Data: 2010-03-23 22:27:04
Temat: Re: [OT] Niedaleko pada jabłko terroru od drzewa idealizmu.
Od: "cbnet" <c...@n...pl>
Pokaż wszystkie nagłówki
Ender, daruj sobie.
Tzn wymyślanie racjonalnych uzasadnień na poparcie działań za którymi
stoi twoja niechęć do sytuacji wymagających zbytniego zaangażowania
emocjonalnego.
Notabene: szkoda trochę twojej inteligencji na coś takiego. ;)
--
CB
Użytkownik "Ender" <e...@n...net> napisał w wiadomości
news:hobeov$7m5$1@news.onet.pl...
To nie do końca w tym przypadku byłoby tak.
Nasi rodzice wpajali nam, że jak kogoś stać, to pracę powinien opłacić
zgodnie z jej wartością, a nie stawkami w regionie.

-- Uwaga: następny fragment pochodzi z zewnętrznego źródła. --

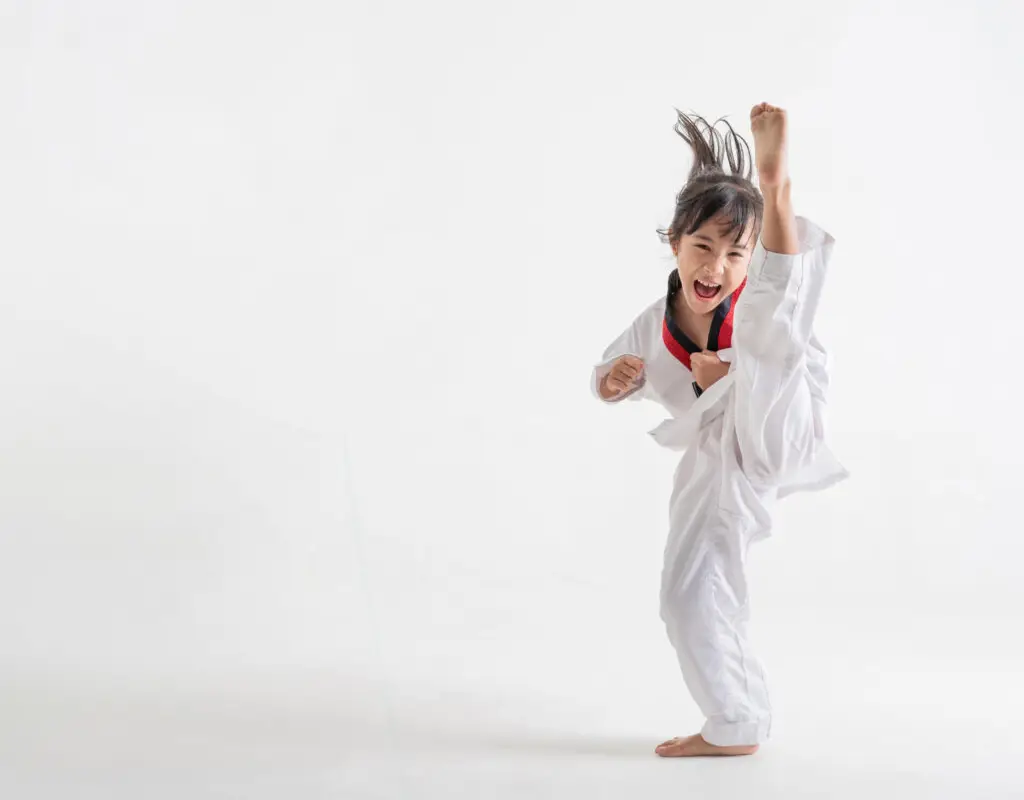 DaeHan TaeKwonDo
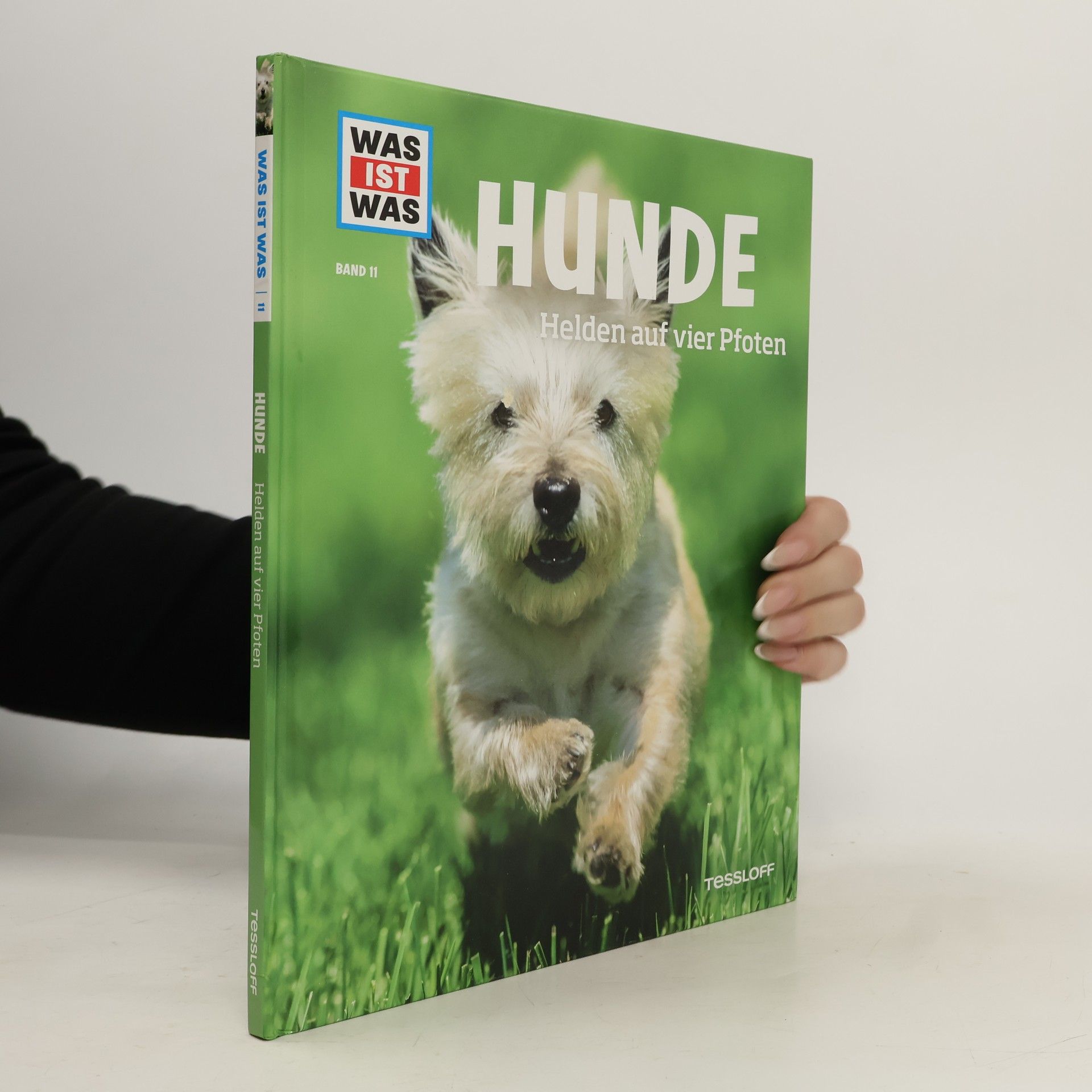 Autorenkollektiv Hunde. Helden auf vier Pfoten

Dlatego np. staram się prywatnie chodzić do lekarza,
nawet jak rodzinny wypisuje mi skierowanie.
Podobnie w restauracji.
Moja tż była wielką przeciwniczką dawania napiwków, zwłaszcza jak
obsługa czasem była słaba.
Nigdy wcześniej jej się raczej chyba nie przelewało i uważała to za
stratę pieniędzy.
No bo jest stratą.
Ale płacę napiwki, bo mnie po prostu stać.
Może to trochę trywialne przykłady, ale stać mnie czasem na pewien gest,
w granicach rozsądku i możliwości oczywiście i lubię taki gest u innych.
Dlatego prędzej dałbym dziecku tą kasę i powiedział: jest twoja, wydaj
na co chcesz - możesz na religię.
Nie ukrywam, że z wyboru religii byłbym bardziej zadowolony, ale chyba
starałbym się niczego nie sugerować.